▶ _Task objective_
Print nothing except the lines of the listing below from the line with "Stock Photo - Asian" to the line with "A colorful outdoor", each exactly as written, both ends included.

▶ _Dataset excerpts_
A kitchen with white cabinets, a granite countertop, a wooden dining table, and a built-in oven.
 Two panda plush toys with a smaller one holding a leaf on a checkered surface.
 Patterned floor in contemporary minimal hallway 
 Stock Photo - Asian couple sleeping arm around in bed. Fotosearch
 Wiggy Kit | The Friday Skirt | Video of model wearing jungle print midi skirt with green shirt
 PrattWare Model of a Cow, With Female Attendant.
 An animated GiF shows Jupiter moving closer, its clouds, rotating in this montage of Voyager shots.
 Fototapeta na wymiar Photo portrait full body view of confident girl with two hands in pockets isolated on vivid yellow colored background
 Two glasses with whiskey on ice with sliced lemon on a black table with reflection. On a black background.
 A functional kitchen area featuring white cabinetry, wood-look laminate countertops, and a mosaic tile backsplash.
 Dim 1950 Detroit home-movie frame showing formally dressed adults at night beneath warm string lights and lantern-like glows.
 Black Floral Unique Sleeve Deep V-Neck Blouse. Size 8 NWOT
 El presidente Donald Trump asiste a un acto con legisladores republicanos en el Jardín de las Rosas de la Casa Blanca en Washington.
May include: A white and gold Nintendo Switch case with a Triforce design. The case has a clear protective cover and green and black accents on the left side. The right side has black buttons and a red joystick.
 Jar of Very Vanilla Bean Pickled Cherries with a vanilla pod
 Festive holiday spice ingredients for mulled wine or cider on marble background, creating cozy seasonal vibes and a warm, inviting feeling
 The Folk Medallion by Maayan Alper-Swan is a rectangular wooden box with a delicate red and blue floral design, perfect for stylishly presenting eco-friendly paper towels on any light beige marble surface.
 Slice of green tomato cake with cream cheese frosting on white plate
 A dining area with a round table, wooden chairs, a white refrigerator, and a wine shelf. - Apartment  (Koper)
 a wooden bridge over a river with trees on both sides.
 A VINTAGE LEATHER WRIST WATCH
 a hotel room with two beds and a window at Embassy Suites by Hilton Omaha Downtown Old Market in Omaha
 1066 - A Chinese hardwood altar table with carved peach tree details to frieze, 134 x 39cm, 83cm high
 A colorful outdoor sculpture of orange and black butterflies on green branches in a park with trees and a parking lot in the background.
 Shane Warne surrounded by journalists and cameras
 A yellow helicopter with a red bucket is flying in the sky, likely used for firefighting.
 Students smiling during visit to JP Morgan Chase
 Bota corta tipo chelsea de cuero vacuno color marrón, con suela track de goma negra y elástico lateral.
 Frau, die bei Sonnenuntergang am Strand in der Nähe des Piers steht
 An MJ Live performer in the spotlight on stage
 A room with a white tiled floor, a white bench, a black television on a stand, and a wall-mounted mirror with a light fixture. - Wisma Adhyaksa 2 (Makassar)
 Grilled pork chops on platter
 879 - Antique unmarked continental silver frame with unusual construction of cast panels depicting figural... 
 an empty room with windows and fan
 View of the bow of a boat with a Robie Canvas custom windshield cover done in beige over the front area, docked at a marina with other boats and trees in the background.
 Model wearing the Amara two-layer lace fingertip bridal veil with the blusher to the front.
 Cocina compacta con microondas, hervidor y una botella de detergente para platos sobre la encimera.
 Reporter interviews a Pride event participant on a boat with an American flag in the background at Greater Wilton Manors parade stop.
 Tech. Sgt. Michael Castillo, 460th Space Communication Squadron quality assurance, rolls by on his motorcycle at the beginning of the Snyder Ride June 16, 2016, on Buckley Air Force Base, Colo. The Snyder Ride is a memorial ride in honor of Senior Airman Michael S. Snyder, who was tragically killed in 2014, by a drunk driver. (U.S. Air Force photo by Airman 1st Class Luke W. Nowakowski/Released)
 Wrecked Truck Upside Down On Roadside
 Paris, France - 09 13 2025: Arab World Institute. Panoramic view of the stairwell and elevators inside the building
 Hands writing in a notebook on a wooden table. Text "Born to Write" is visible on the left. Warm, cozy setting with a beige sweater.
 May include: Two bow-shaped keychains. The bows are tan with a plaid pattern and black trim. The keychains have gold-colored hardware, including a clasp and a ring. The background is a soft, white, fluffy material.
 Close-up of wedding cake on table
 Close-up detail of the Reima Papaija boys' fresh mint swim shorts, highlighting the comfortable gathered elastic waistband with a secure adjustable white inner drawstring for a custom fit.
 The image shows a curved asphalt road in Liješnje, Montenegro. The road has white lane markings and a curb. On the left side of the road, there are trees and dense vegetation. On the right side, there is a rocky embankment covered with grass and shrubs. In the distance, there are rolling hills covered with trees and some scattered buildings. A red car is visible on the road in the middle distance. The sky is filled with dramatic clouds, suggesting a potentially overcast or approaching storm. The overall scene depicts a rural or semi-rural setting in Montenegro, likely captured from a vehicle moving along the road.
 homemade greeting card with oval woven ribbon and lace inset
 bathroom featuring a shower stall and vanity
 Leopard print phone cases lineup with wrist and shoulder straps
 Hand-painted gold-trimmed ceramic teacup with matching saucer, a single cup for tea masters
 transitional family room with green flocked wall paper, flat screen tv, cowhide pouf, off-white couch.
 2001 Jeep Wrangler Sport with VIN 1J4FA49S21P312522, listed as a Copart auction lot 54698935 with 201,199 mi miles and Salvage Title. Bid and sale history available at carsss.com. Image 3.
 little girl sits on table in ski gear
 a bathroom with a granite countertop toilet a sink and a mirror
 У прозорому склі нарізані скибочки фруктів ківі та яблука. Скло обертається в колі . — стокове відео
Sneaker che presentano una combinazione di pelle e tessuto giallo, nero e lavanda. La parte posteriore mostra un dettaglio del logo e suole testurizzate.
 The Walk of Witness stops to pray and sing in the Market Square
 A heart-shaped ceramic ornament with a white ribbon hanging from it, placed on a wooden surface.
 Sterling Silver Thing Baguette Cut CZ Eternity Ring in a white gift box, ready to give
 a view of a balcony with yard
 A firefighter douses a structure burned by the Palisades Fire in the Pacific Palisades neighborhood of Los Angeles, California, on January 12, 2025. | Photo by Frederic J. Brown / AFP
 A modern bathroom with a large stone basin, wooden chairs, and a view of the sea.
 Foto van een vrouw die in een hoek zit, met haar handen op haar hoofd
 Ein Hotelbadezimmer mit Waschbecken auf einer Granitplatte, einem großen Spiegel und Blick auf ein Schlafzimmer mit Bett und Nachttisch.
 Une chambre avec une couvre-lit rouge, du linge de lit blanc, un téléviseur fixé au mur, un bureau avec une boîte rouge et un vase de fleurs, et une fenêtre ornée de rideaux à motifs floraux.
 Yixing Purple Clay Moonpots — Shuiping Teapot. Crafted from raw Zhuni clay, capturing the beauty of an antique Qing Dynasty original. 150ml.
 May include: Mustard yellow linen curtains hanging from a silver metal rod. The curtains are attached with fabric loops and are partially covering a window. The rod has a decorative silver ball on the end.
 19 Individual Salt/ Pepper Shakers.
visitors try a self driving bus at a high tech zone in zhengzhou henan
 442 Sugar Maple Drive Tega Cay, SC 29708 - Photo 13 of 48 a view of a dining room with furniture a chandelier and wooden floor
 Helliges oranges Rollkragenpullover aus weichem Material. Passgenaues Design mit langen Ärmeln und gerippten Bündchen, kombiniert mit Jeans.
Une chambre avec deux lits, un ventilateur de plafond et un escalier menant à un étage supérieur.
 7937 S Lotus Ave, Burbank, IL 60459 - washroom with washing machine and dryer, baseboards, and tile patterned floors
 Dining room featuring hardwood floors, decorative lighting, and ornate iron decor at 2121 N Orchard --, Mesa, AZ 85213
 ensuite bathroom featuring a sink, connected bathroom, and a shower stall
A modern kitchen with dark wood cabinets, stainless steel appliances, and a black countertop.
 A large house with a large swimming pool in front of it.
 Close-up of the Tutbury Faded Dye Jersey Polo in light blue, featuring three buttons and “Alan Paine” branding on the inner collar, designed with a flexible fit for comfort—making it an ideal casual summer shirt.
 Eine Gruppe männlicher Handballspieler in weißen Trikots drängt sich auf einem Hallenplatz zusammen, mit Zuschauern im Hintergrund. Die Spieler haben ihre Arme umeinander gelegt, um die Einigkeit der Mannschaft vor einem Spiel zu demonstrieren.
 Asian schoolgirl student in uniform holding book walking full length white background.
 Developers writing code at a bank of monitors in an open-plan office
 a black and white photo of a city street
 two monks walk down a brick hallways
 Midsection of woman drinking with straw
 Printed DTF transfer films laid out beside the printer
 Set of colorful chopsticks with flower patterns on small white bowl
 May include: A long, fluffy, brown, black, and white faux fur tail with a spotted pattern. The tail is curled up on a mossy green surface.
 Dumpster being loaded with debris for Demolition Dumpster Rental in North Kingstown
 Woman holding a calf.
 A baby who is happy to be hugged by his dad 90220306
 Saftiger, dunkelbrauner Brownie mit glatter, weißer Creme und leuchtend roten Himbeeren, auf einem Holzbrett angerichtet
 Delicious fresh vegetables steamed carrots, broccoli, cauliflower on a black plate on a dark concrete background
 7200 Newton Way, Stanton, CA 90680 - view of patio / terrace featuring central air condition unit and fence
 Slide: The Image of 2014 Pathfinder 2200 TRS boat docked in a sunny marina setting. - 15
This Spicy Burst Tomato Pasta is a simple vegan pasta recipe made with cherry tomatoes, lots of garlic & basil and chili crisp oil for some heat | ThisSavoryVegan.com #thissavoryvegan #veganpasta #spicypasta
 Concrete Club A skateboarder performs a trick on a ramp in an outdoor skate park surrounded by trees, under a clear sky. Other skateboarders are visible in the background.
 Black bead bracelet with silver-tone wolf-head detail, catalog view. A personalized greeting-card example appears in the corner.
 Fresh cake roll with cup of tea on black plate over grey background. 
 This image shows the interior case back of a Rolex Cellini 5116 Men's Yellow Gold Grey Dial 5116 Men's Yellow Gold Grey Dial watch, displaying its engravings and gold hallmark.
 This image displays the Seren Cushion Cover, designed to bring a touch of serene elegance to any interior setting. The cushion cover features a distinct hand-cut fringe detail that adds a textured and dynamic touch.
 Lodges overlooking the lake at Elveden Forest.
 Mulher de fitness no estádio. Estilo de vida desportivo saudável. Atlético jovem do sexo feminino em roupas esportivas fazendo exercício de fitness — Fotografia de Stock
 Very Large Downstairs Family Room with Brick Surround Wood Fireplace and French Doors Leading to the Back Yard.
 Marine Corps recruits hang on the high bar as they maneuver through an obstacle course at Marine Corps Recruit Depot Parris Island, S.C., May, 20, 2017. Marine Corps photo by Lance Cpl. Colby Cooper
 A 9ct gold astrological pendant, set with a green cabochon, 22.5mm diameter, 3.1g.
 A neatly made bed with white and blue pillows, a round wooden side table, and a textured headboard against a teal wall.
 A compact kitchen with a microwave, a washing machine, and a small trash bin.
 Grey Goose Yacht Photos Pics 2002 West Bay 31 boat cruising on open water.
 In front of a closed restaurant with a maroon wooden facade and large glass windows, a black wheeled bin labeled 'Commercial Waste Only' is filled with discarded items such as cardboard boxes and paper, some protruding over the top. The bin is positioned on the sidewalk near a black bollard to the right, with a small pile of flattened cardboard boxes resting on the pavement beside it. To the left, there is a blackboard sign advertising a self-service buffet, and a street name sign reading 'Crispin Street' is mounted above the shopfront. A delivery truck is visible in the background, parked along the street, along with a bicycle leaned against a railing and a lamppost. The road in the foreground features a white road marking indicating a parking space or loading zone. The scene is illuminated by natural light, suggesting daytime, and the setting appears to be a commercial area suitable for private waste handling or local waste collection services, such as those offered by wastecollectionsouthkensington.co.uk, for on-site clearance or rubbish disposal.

▶ _Completed exercise_
 Stock Photo - Asian couple sleeping arm around in bed. Fotosearch
 Wiggy Kit | The Friday Skirt | Video of model wearing jungle print midi skirt with green shirt
 PrattWare Model of a Cow, With Female Attendant.
 An animated GiF shows Jupiter moving closer, its clouds, rotating in this montage of Voyager shots.
 Fototapeta na wymiar Photo portrait full body view of confident girl with two hands in pockets isolated on vivid yellow colored background
 Two glasses with whiskey on ice with sliced lemon on a black table with reflection. On a black background.
 A functional kitchen area featuring white cabinetry, wood-look laminate countertops, and a mosaic tile backsplash.
 Dim 1950 Detroit home-movie frame showing formally dressed adults at night beneath warm string lights and lantern-like glows.
 Black Floral Unique Sleeve Deep V-Neck Blouse. Size 8 NWOT
 El presidente Donald Trump asiste a un acto con legisladores republicanos en el Jardín de las Rosas de la Casa Blanca en Washington.
May include: A white and gold Nintendo Switch case with a Triforce design. The case has a clear protective cover and green and black accents on the left side. The right side has black buttons and a red joystick.
 Jar of Very Vanilla Bean Pickled Cherries with a vanilla pod
 Festive holiday spice ingredients for mulled wine or cider on marble background, creating cozy seasonal vibes and a warm, inviting feeling
 The Folk Medallion by Maayan Alper-Swan is a rectangular wooden box with a delicate red and blue floral design, perfect for stylishly presenting eco-friendly paper towels on any light beige marble surface.
 Slice of green tomato cake with cream cheese frosting on white plate
 A dining area with a round table, wooden chairs, a white refrigerator, and a wine shelf. - Apartment  (Koper)
 a wooden bridge over a river with trees on both sides.
 A VINTAGE LEATHER WRIST WATCH
 a hotel room with two beds and a window at Embassy Suites by Hilton Omaha Downtown Old Market in Omaha
 1066 - A Chinese hardwood altar table with carved peach tree details to frieze, 134 x 39cm, 83cm high
 A colorful outdoor sculpture of orange and black butterflies on green branches in a park with trees and a parking lot in the background.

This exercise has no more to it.